Il repense à la Certosa di Pavia, à Pise, à Pistoia et, encore, au Dôme de Florence. Ces impressions fortes provoquées par les intérieurs d’églises. Toutefois, se dit-il, ces constructions ont rarement exercé sur lui un effet supérieur à celui des églises gothiques allemandes. Allemagne, Italie lui apparaissent comme des polarités de son âme, la même âme.
Il revoit le visage rond, si affable, de « Monsignore », à Montefalco. Ah ! La bonté de ce prêtre franciscain. Cet esprit d’ouverture à la vie, comme il le ressent, au plus profond de lui-même.
Sorti de la ville par un chemin rude, et pierreux, il grimpe la colline heureuse. L’herbe est parsemée de primevères, de jonquilles. Les cyprès de Toscane balancent légèrement au vent. Au loin, les montagnes bleues sont évanescentes.

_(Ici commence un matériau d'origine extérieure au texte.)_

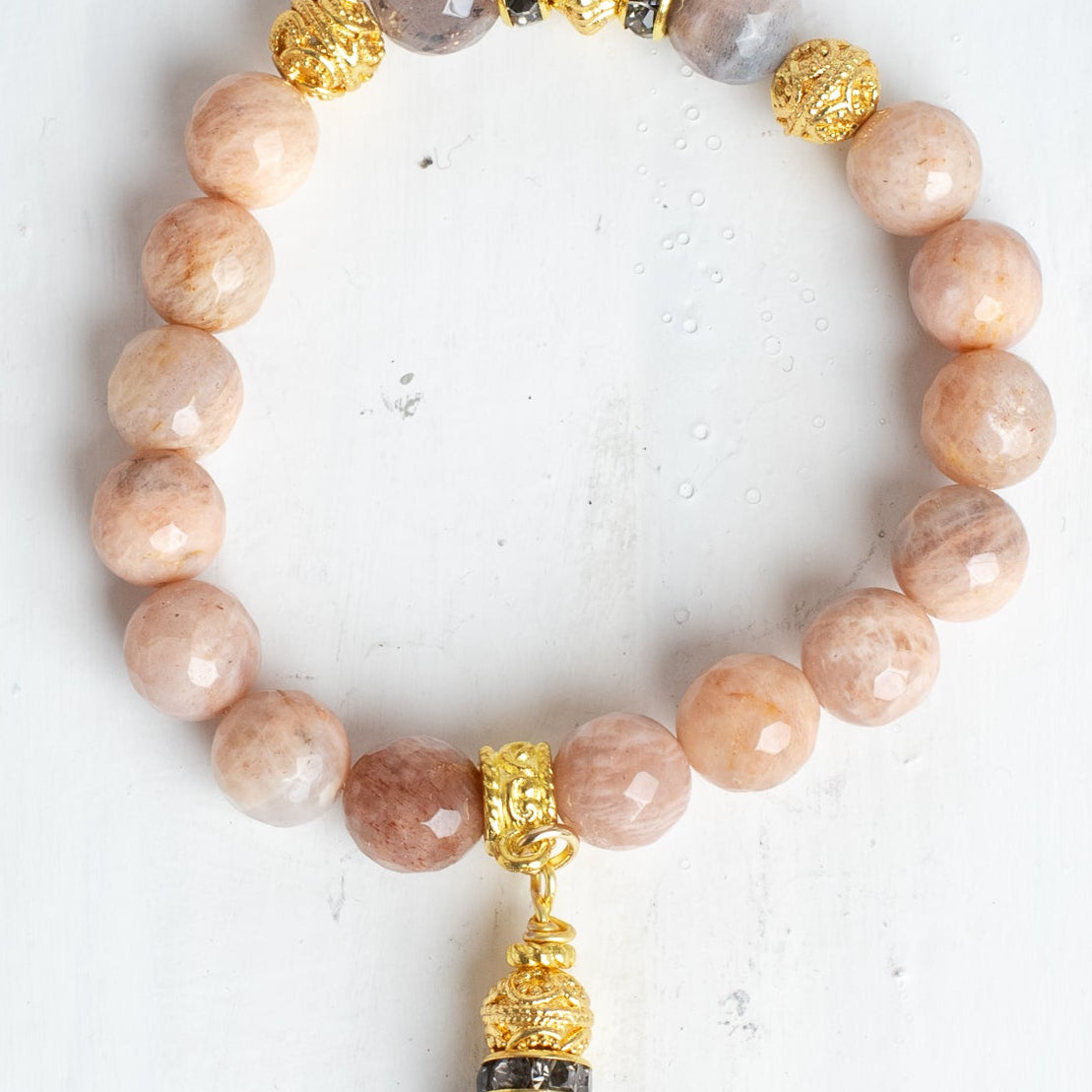 Gold Italian Style Beads and Stone Charm on a Stretch Bracelet of Faceted Peach Moonstone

Il veut arriver jusqu’au sommet pour dominer la ville, ses villas, ses jardins si beaux, chargés de longue histoire.
Il monte et tire de sa besace une de ces oranges qu’il a achetées au « mercato ». Il mord dedans comme dans l’Italie. Le jus sucré lui coule sur le menton.

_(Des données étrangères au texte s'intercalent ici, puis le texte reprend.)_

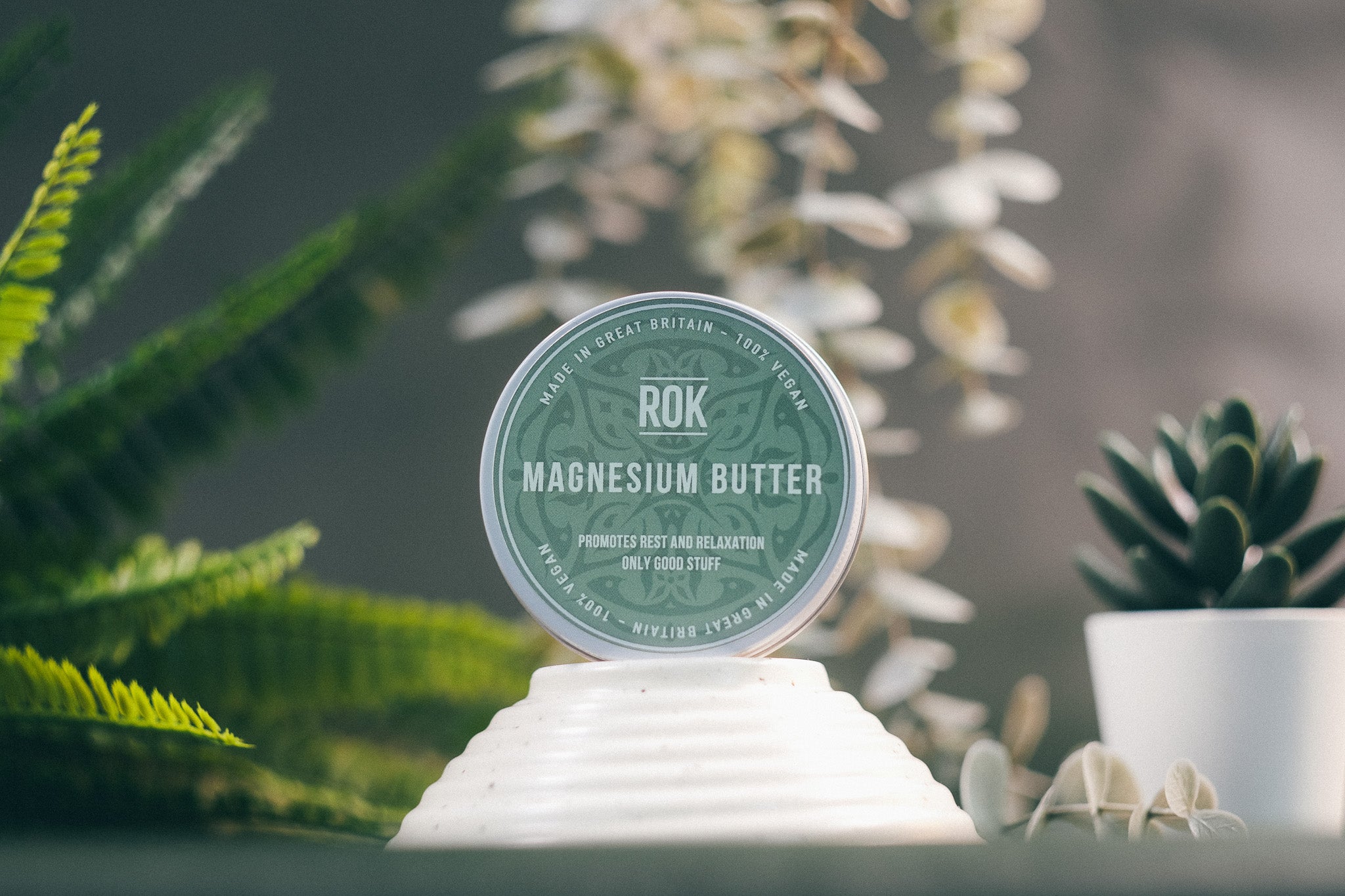 ROK Magnesium Butter tin on white stand with fern plants – relaxing skincare from ROK Products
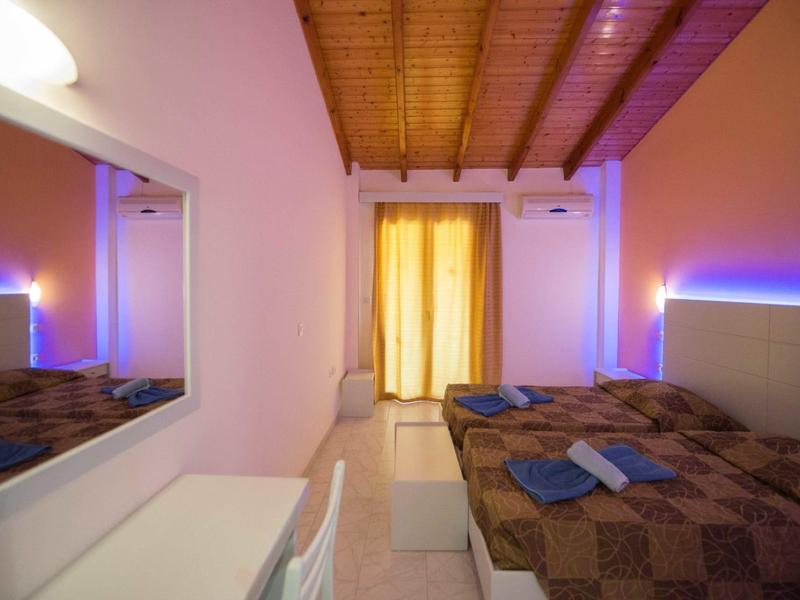 Piccola camera d'hotel con letto matrimoniale, soffitto con travi di legno e illuminazione a LED blu sulle pareti.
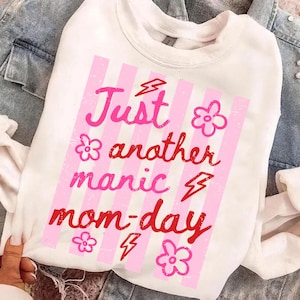 Puede incluir: Sudadera blanca con un gráfico rosa y rojo que dice "Just another manic mom-day". El diseño incluye rayas rosas, flores y rayos. La sudadera se muestra sobre una chaqueta vaquera.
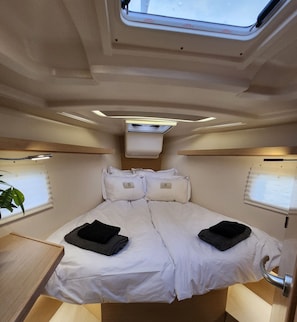 A compact bedroom with a bunk bed, a skylight, a small table, and a potted plant.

Il monte et, plus il monte, moins il voit les lointains, tant le spectacle de ce qui s’ouvre à lui est sublime : les prés sont couverts d’anémones. Une féerie de couleurs. Elles sont bleues, rouges, blanches, jaunes, lilas … Elles rient au soleil de toutes leurs petites faces rondes. Il reconnaît, en elles, ces taches éparpillées parfois dans l’herbe de tableaux du Quattrocento.
Longtemps, il demeure couché, les yeux dans le ciel, heureux, parfaitement. Un jeune garçon a installé une longue vue, pour voir tout Florence, mais il refuse sa proposition. L’âme remplie, il redescend vers la ville, les bras ballants. C’est alors que son regard se pose sur… un bouquet d’anémones, cueilli, jeté. La colère l’étouffe. Il est en arrêt et murmure pour lui-même : « Qui a fait cela ? » Comment peut-on dérober au monde ses sourires fragiles pour, ainsi, les laisser tomber et bientôt brûler, au soleil ? Absurdité ! Ce bouquet perdu ne lui sort pas des yeux. Il pourrait s’agenouiller là, et pleurer. Sur la vie meurtrie … et sur les hommes mauvais.